Most individuals are unfamiliar with hair analysis. Why would one use it and how is it different from blood analysis?
Hair is a soft tissue of the body. A hair sample is a mineral biopsy, or cellular mineral sampling. The hair is technically 'dead'. However, minerals deposited in the hair when it formed remain locked within the hair structure. The average level of minerals is about 10 times as high in the hair as in the blood. This makes minerals easier to measure accurately in the hair.
The site of metabolism is the cells. Blood is excellent for many tests, but does not measure activity directly at the cellular level. The blood is the 'highway' of the body. The cells are the chemical factories of the body.
The final destination for all vitamins, minerals, sugars, fats and hormones is the cells, not the blood. It makes sense to measure the cells directly to determine whether these substances are actually reaching their final destination.
Blood minerals are maintained at fairly even levels at all times. Large fluctuations in the blood sugar, mineral or hormone levels could affect many sensitive organs and glands that the blood is in contact with at all times.
If the blood becomes low in a mineral such as calcium, calcium is removed from the bones or other tissues to replenish the blood. A person can have osteoporosis, or demineralized bones, but their blood (serum) calcium level will be normal.
Serum magnesium can be normal, but a person can have a cellular magnesium deficiency. The same is true for all the minerals! As a result, the blood serum is not a good place to measure minerals.
Hair is an excretory tissue of the body. That is, anything deposited in the hair will be lost as the hair grows and is cut off. Thus, minerals present in excess may be deposited in the hair to be excreted. Minerals that are deficient are often not deposited in the hair, so that they will be retained.
Hair and other tissues are thus the storage reservoirs for minerals. If the reserves are low, it will show up in the hair long before it will show up on a blood test. This makes the hair an excellent place to measure minerals.
Toxic metals are removed from the blood as fast as possible. They are stored in the tissues of the body, where they will do less damage. For this reason, it is harder to detect toxic metals in the blood, although there are such blood tests. Toxic metals are easier to detect in the tissues such as the hair.
Blood tests give a minute-by-minute reading of body chemistry. This can be essential in an acute emergency where every little change must be monitored as it occurs. The negative aspect of this is that blood tests can vary depending upon the time of day, meals eaten, activity level, even one's mood or emotions at the time of the testing.
Hair testing is an average reading of about three months of hair growth. The test is not affected much by daily or even weekly changes. This means the hair test is less useful in minute-by-minute monitoring. However, it is very useful for detecting long-term patterns.
Thanks to Dr. Paul Eck's research, hair testing can be used to identify the oxidation rate, stage of stress and tendencies for sugar intolerance, glandular imbalances, immune system activity and for over 30 other conditions.
Subtle metabolic changes can also be monitored through the hair. Often layers of adaptations must be uncovered for healing.
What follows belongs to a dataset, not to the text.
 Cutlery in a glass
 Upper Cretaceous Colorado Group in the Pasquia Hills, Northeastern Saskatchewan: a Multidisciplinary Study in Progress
The hair test is very helpful to identify these adaptations and monitor progress.
The hair test can identify emotional tendencies and personality patterns. This is a unique benefit of hair testing that may be very helpful for the client and the clinician.
The answer is that the tests measure different things. Blood thyroid tests measure circulating hormones. It is generally felt that if these levels are normal, then one's thyroid function is normal. It is also possible that blood thyroid profiles are not always accurate.
The problem is that the hormones must pass into the cells and be converted and utilized there. Hormone receptors must be present to allow the hormones to act.
The hair analysis assesses cellular effectiveness of hormones. Often the result is different. Both tests have value. The hair analysis test may give a clearer picture of actual glandular activity. For more detail on this question, see our article on hypothyroidism, which addresses this question in more depth.
First, the hair test assesses trends or tendencies only. It is not a diagnostic test. One may have a tendency for low blood sugar or diabetes that is subclinical. It will not show up on a blood test. Identifying the trend, one can take steps to prevent the disease. Hair analysis can be a powerful preventive medicine tool.
Second, the hair and blood tests measure different things. The blood test measures glucose circulating in the blood at a particular moment. The hair test indirectly assesses a tendency for glucose imbalance at the cellular level.
Many patients have symptoms of hypoglycemia in spite of normal blood tests. They may have sugar starvation at the cellular level, while the blood reading is normal. This occurs frequently. The tendency will often be revealed on a hair test, but not on a blood test.
In summary, hair analysis and blood analysis are unique and measure different areas of the body. Hair testing is less familiar, but offers a window into the cells to help balance body chemistry.